SELECT mean("used_percent") FROM "disk" WHERE ("device" = 'dm-0') AND $timeFilter GROUP BY time(10s) fill(none)

1
You want to have the cake and eat it - without any good reason. First, you can easily have multiple queries in a Grafana and the overhead in disk usage wether you have the data in one or in two databases is negligible.Markus W Mahlberg
Correction @MarkusWMahlberg the OP wants to have his cake and eat it with good reason, stated clearly in the question. It is a reasonable request to want to view recent data and older downsampled data within the same graph. Influx prides itself on conceptual simplicity and it's understandable that a user may consider the removal of measurements / records to be something that happens to the original data set, analagous to writing down a log in a notepad then crossing some lines out.hazymat
So, use two queries. Problem solved.Markus W Mahlberg

1 Answers

3
votes

EDIT2: Here's a workaround implemented with template variables in Grafana
https://github.com/grafana/grafana/issues/4262#issuecomment-475570324
This seems like a really good solution.

ORIGINAL ANSWER Looking into the example from the influxb page you linked

CREATE CONTINUOUS QUERY "cq_30m" ON "food_data" BEGIN
  SELECT mean("website") AS "mean_website",mean("phone") AS "mean_phone"
  INTO "a_year"."orders"
  FROM "orders"
  GROUP BY time(30m)
END

If you specify the same source and target table, namely orders, into both INTO and FROM clauses then the data will be written to the same table.

However, that does not solve your issue.
You would still need two queries to get the data from both retention policies. If you do a generic select * from disk_raw ... Influx will use the default retention policy and return data just from there.

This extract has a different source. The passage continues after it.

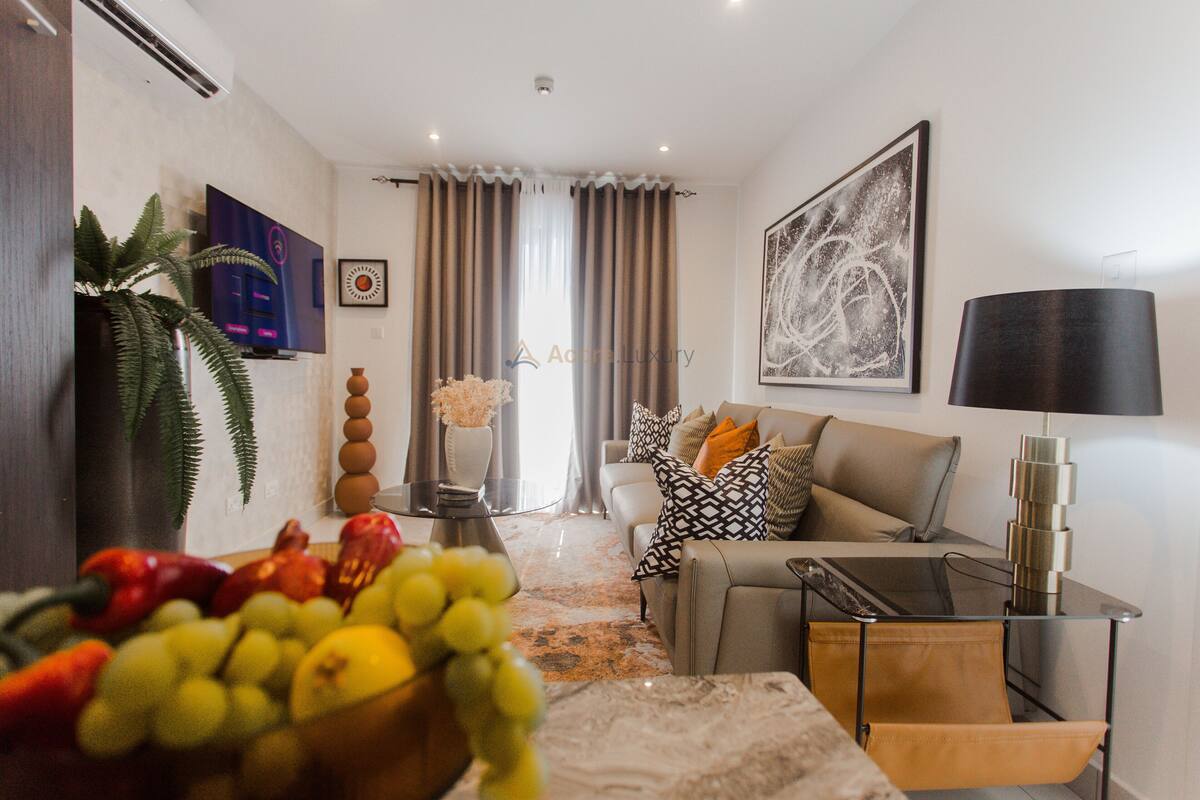 Un salón moderno con un sofá, una mesa de centro y un televisor. Hay una planta, un jarrón con flores y un frutero sobre la mesa.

The way you usually go about this is by running two queries and concatenating the results. In a single request something like
select * from rp_short.diskraw; select * from rp_long.diskraw

EDIT: Here is a discussion of why it's not possible to do what you (and a lot of other people) want https://github.com/influxdata/influxdb/issues/2625 And also some ways to work around it.
Briefly, one way is to handle the downsampling and high resolution data manually (i.e not with CQ) and keep it in the same retention policy. Another is to use a proxy that would augment the query depending on the time range of the query in order to get the correct data.